#稳定币市场与产品 Seeing this report, my mind flashes back to a scene from ten years ago — back then, we were arguing in forums whether Ethereum had a future, and stablecoins didn’t even have a shadow. Now looking back, it feels like reviewing a long historical record.



By 2025, stablecoin trading will surpass 10 trillion USD, a number that slaps me in the face. Who would have dared to imagine ten years ago? The US GENIUS Act was officially passed, which is not just about regulatory frameworks, but a recognition by the financial system of what is called an "irreversible trend." Just as no company would abandon the internet to go back to the fax machine era, once financial institutions experience the convenience of the global public blockchain, there’s no turning back.

What impresses me most is the institutional deployment — giants like JPMorgan, BlackRock, and Fidelity are no longer just testing the waters but are directly deploying flagship products. This shift in attitude reflects that the underlying infrastructure has moved from the "experimental stage" to the "commercial deployment stage." I’ve seen too many projects fail due to immature infrastructure, but Ethereum has reached another extreme — it has established institutional application precedents on Layer 2, similar to the network effects formed by the internet back then, with more and more enterprises building dedicated ecosystems on top, with profit margins exceeding 90%.
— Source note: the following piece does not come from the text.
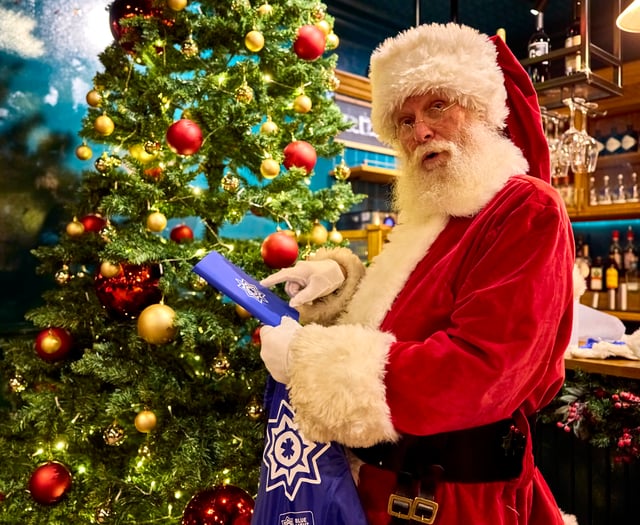 Survey reveals the biggest Christmas 'emergencies'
Regarding the fivefold growth expectation for 2026, I won’t believe it entirely, but I won’t dismiss it either. Tokenized assets have grown from 18 billion to 100 billion, stablecoins from 300 billion to 1.5 trillion. Behind these numbers is strategic support from the US Treasury — 20%-30% of the digitalization of the dollar migrating to public chains. This is not a castle in the air; it’s backed by policy trends. The fivefold increase in ETH from its current price is something I pay more attention to as it establishes its identity as an "institutional-grade treasury asset," rather than just a speculative cycle.

Over the years, I’ve seen many ups and downs, but this time is different. Not because the technology suddenly improved, but because the rules changed, the regulatory environment shifted from resistance to support, and institutions moved from watching to acting.